Equally memorable is Robert Florey's innovative direction which is partly inspired by German Expressionist films like The Cabinet of Dr. Caligari (1920) and Florey's own interest in the avant-garde. Bizarre camera angles and point-of-view shots (the hand crawling behind a row of books in the library), dramatic lighting and foreboding sets help create the mood of a paranoid hallucination, all of which is a reflection of Cummins' distorted mental state. Even the music score by Max Steiner enhances the general sense of escalating madness and manages to make a simple piano sonata sound menacing. But how could it be otherwise when you know the musician on the piano is a severed hand?

With The Beast With Five Fingers Florey finished out his contract with Warner Bros. and it was one of his worst working experiences with the studio; initially he didn't even want to direct it. Probably the most difficult aspect of it was the special effects. From the very beginning, the animated hand was a challenge.

According to biographer Brian Taves in Robert Florey: The French Expressionist (Scarecrow Press), "The special effects department received the following instructions:

  • Glove hand with stump, ready for photographic test Tuesday, December 11, 1945.
  • Mechanical hand to crawl on floor, etc. ready for photographic test Wednesday, December 12th, 1945.
  • Mechanical hand to claw at face and throat ready for photographic test Thursday, December 13th, 1945.
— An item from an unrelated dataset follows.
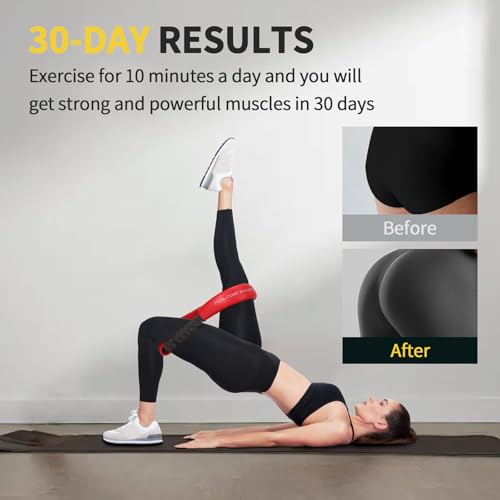 Touioi Hip & Core Resistance Loop Bands Set for Glute & Stretching Exercises - Yellow, Red, Blue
There was even some disagreement over the aesthetic properties the hand should possess. Mr. Trilling saw the test and objected to the length of the wrist on the present hand, and there was some mention of using a longer, scrawnier hand. If we use the present hand, it can be cut down and made irregular at the wrist...All of this brought out Florey's sometimes macabre sense of humor, and so he decided to have as much fun with it as possible." In one scene, Florey hid under a table and used his own hand as the "Beast," having it crawl out of a box on top. For the scene where the hand plays the piano, camera technicians covered musician Erwin Nyrigegyhazi in black cloth except for one hand which crawled across the keyboard (the eerie effect was completed in post-production).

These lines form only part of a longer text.